My own business is an example of this. Daily, thousands of people from all over the planet log onto my website, www.petersheahan.com, and some buy products – some of which are digital and can be downloaded instantly – or subscribe to a free RSS feed that will help keep them on the cutting edge of new markets and trends. The point here is not to plug the 'Peter Sheahan Live' section on my site (although I am glad to do so ), but to point out that neither time nor geography poses any barrier to these transactions of value. I get visitors from countries I have never been to and sales from people I have never met. I am able to conduct transactions including delivery, even though neither I nor any other human is there to service the customer. My market is the world, and I consider myself a citizen of the globe.
Compression of distance means there are new markets to be serviced and new ways to service existing markets.

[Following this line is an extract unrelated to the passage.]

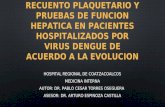 RECUENTO PLAQUETARIO Y PRUEBAS DE FUNCION HEPATICA EN PACIENTES HOSPITALIZADOS POR VIRUS DENGUE DE ACUERDO A LA EVOLUCION.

It also means that there is more competition – the most dangerous of which may be some twenty-year-old at her computer in Sydney, San Jose, Seville or Seoul, who in less than a decade could dominate your market.
Now, it is important to put the current status of this change in the proper context. Pankaj Ghemawat, in the Australian Financial Review, argues that in many ways globalisation is overstated. Consider that, for instance, of all the phone calls made in the world only 10 per cent are international calls. And of all the investment in the world today again only 10 per cent is foreign (international) investment. In fact, in surveyed categories, 10 per cent was found to be the level of 'internationalisation' for just about everything.1
The argument that most economic activity is domestic production for domestic consumption has a lot of validity. But even if the direct international component of business holds steady at around 10 per cent, rather than rising significantly,we are all now competing against international benchmarks. In an increasingly connected world, customers are increasingly exposed to global trends and fashions. The customer's sense of what the neighbourhood business can do has irrevocably changed. Although people will always prefer to do business with people they know, like and trust (see chapter 4, 'Business is Personal'), they expect those people to deliver at a global standard of excellence, not a local one. There is no escaping the need to position your business today to compete – in real time and on demand – in the increasingly globalised world of tomorrow. Flips are a future-focused way of doing that.
2. INCREASING COMPLEXITY
Increasing compression of time and space fuels increasing complexity. Businesses are being hit from all directions – from above as they are saddled with dense and complex regulatory regimes; from inside with the challenges posed by the adoption of sophisticated new technologies and the explosion of information networks; and from below with the diversifying and intangible new demands of consumers. The uncertainty and ambiguity this complexity brings can induce paralysis that prevents innovation and positive action, and may in turn force the downfall of once great companies and careers.
Increasing complexity is being driven by, among others, the following six things:
rapidly growing and increasingly connected networks of ideas and people
disruptive technology
explosion of choice
increasingly intangible desires of the market
increased sophistication of technology, systems and processes
legislation.
RAPIDLY GROWING AND INCREASINGLY CONNECTED NETWORKS OF IDEAS AND PEOPLE
I've already mentioned increasing flows of people, things and data, but there's more to the story. Think of every person in the world as a node in a vast information system. Every node has different perspectives, ideas and desires from every other node in the system. Some differences are slight. Others are large. And a slight difference in one context may loom large in another context.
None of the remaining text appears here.